To specify the algorithm explicitly (e.g. for non-standard file extensions):

.. code-block:: python

>>> from smart_open import open, register_compressor
>>> with open('smart_open/tests/test_data/1984.txt.gzip', compression='.gz') as fin:
... print(fin.read(32))
It was a bright cold day in Apri

You can also easily add support for other file extensions and compression formats.
For example, to open xz-compressed files:

.. code-block:: python

>>> import lzma, os
>>> from smart_open import open, register_compressor

>>> def _handle_xz(file_obj, mode):
... return lzma.LZMAFile(filename=file_obj, mode=mode, format=lzma.FORMAT_XZ)

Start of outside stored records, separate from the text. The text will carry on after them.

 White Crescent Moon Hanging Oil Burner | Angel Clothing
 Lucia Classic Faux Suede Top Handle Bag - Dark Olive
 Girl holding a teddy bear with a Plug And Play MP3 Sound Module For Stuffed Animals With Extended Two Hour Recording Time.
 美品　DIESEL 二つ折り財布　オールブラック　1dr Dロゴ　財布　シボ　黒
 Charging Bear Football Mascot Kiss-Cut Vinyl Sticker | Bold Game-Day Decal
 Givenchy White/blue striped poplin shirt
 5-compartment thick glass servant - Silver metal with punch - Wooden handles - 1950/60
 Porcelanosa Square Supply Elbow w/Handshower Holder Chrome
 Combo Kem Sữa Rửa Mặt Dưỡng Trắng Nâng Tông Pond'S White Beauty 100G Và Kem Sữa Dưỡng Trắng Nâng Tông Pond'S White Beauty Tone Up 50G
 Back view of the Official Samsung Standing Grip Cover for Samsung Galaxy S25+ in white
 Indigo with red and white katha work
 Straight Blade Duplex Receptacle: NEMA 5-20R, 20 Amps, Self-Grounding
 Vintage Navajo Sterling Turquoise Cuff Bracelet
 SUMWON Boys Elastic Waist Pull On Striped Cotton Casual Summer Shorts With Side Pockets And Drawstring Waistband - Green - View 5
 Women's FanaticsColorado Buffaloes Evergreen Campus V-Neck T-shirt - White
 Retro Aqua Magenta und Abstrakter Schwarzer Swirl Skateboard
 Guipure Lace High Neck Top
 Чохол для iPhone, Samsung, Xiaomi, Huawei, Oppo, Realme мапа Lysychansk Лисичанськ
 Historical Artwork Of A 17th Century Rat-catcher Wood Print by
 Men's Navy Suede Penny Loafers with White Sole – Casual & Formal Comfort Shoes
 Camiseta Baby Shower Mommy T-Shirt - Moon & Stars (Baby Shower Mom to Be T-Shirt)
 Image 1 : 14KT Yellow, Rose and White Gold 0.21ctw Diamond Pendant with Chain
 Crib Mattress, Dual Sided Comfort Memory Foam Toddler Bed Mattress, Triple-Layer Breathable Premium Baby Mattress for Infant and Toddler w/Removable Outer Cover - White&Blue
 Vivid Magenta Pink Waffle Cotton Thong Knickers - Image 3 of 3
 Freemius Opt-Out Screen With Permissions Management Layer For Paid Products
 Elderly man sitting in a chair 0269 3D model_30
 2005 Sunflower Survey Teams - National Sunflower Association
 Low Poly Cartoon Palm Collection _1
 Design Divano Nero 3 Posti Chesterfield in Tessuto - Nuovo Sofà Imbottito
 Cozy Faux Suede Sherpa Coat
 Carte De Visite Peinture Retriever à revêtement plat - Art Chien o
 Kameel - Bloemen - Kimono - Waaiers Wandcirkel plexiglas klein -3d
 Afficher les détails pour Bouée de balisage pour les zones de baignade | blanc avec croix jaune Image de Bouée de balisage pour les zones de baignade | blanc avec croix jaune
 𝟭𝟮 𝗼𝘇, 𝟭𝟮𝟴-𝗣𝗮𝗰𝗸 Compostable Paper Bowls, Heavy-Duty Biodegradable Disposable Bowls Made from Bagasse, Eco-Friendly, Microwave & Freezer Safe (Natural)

>>> register_compressor('.xz', _handle_xz)

>>> with open('smart_open/tests/test_data/1984.txt.xz') as fin:
... print(fin.read(32))
It was a bright cold day in Apri

``lzma`` is in the standard library in Python 3.3 and greater.
For 2.7, use `backports.lzma`_.

.. _backports.lzma: https://pypi.org/project/backports.lzma/

Transport-specific Options
--------------------------

``smart_open`` supports a wide range of transport options out of the box, including:

- S3
- HTTP, HTTPS (read-only)
- SSH, SCP and SFTP
- WebHDFS
- GCS
- Azure Blob Storage

Each option involves setting up its own set of parameters.
For example, for accessing S3, you often need to set up authentication, like API keys or a profile name.
``smart_open``'s ``open`` function accepts a keyword argument ``transport_params`` which accepts additional parameters for the transport layer.
Here are some examples of using this parameter:

.. code-block:: python

>>> import boto3
>>> fin = open('s3://commoncrawl/robots.txt', transport_params=dict(client=boto3.client('s3')))
>>> fin = open('s3://commoncrawl/robots.txt', transport_params=dict(buffer_size=1024))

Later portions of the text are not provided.